How do you start? How do you create an ideal parenting plan? How do you divide the funds held in a joint account and who will carry the jointly held mortgage?  Do the terms in your prenuptial agreement need to be reviewed when you decide to marry? What is the difference between a family home and a matrimonial home?

To create a viable long term agreement by directly involving you, a critical participant with your spouse or partner, requires acknowledging difficult emotions, distinguishing individual goals from interests in common, and being able to deal promptly with urgent needs. It also means ensuring that each spouse openly and fully shares with the other all information necessary to understand the big financial picture. Consider the current cash flow, future resources available for retirement, and savings available to fund the children’s post secondary educational programs. With each spouse fully understanding their legal rights and obligations and with complete financial information in hand, they will be able to critically assess all possible options: sorting the viable and durable ones from those which sound intriguing but are unsustainable. Working with a mutually agreed framework also helps to develop trust and consensus.

There are decisions to be made, long term consequences to grapple with…  

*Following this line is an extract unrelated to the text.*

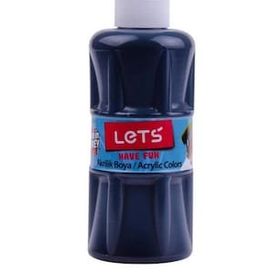 Lets L-5709 250 ml Siyah Akrilik Boya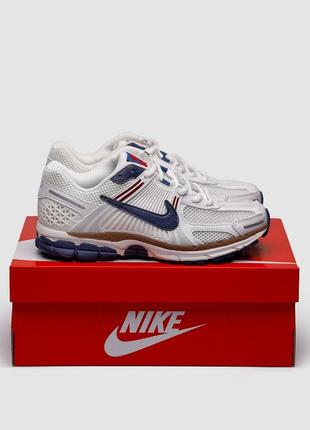 Nike zoom vomero 5 white/blue2 фото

Turning to a trusted colleague or friend to bounce off ideas may help with a few of the components which are part of the final settlement. These few confidants may in turn suggest others to join the trusted circle to offer you advice for the hard to navigate areas. When you are ready to get the ball rolling and don’t know how to proceed or where to turn, collaborating with others in the know makes good sense.

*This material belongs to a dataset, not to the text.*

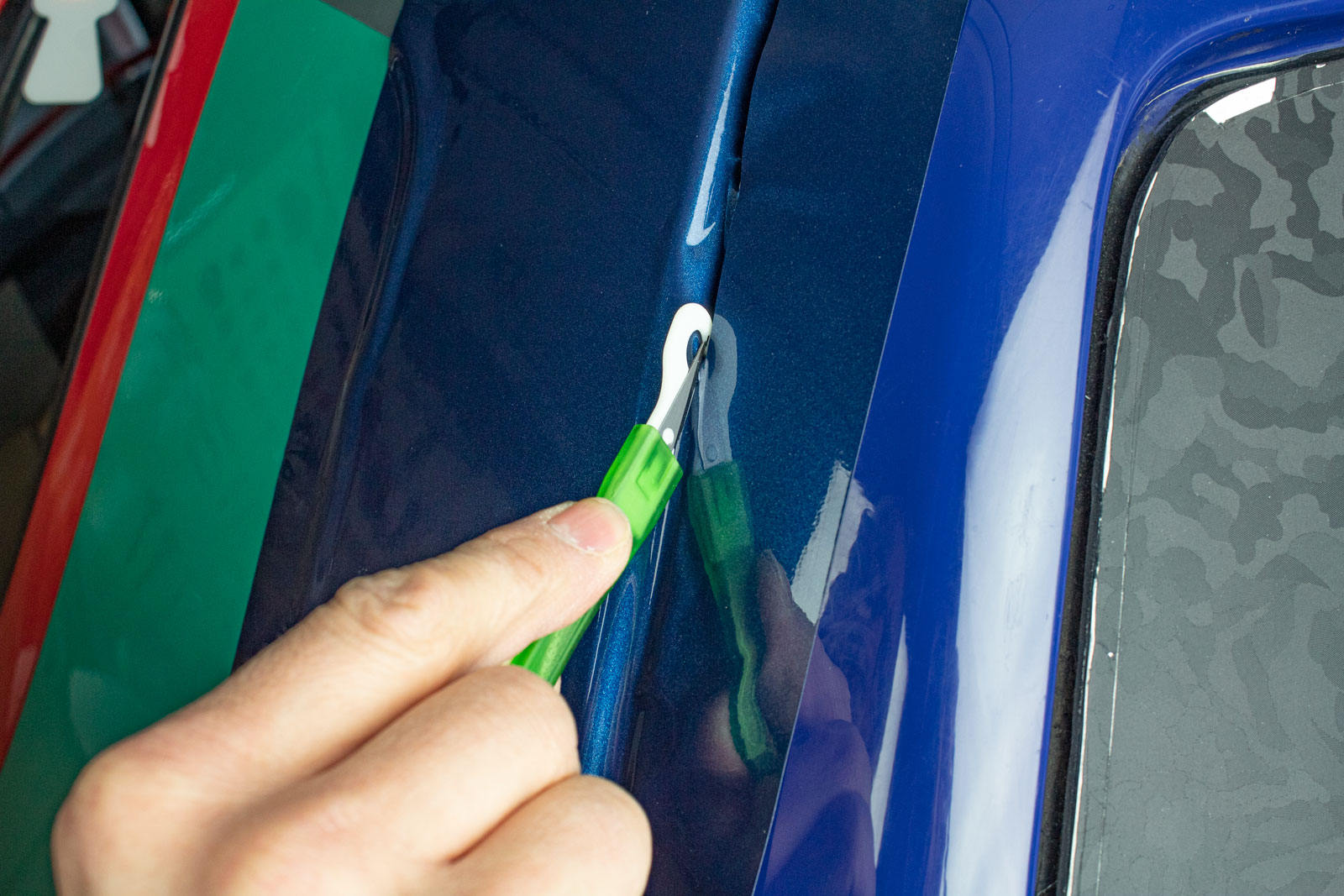 Yellotools WrapDefender Anwendungsbeispiel Karosseriespalt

Who can you trust to provide accurate information? What are the long term consequences of each decision you need to make? Will your decisions about one issue be compatible with your other decisions? Are your interests being taken into account? Will your fears, anxiety and anger be understood? Are you being heard?

Find Your Process

There are a few paths to travel to get to the end goal of having an agreement which responds to your needs. In the spectrum of options, you can choose from interest-based processes where your core or essential needs direct the journey. Two of these interest-based processes are meditation and the collaborative process. Or, you can proceed on paths which are position-based where you put plant your feet and fight for what you want. Examples of these adversarial processes are court and arbitration.

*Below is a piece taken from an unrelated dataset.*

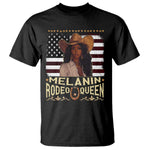 Black Cowgirl T Shirt Melanin Rodeo Queen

If you are of the former persuasion, you understand that being fully informed about your legal rights and obligations by your lawyer provides a sense of direction. You understand what you are entitled to receive from your spouse or partner as well as what your partner is entitled to receive from you. You value complete financial disclosure in a safe environment. You understand that this disclosure is the foundation for building trust. Your personal involvement empowers you to put your mind to possible problems while working together to consider viable answers. The effort together to understand what your separate future lives may look like makes the final agreement stronger. If you believe that you and your spouse could focus your attention on resolving issues, be respectful of each other’s rights and obligations, and share an openness to long term settlement, then interest-based processes may be your path.

Fighting abusive behaviour, aggressive tactics, self-serving decisions of your spouse or partner may require that you either initiate or may be responding to a court action or lawsuit. The adversarial process may be started to ‘fight for your rights’ or gain a perceived upper hand. These processes use battle ideology, ramp up fear and emotion and seem to last forever. Once entrenched in this warfare it is difficult to keep your sights on a positive ending. The position-based processes are paper-laden and time-sensitive as there are often important court filing deadlines. This process can be very expensive in terms of your time, emotion and money. For the most entrenched ‘warriors’, and those who may be in abusive, difficult relationships, the position-based processes requiring a stranger to adjudicate the parties’ differences may be the appropriate process.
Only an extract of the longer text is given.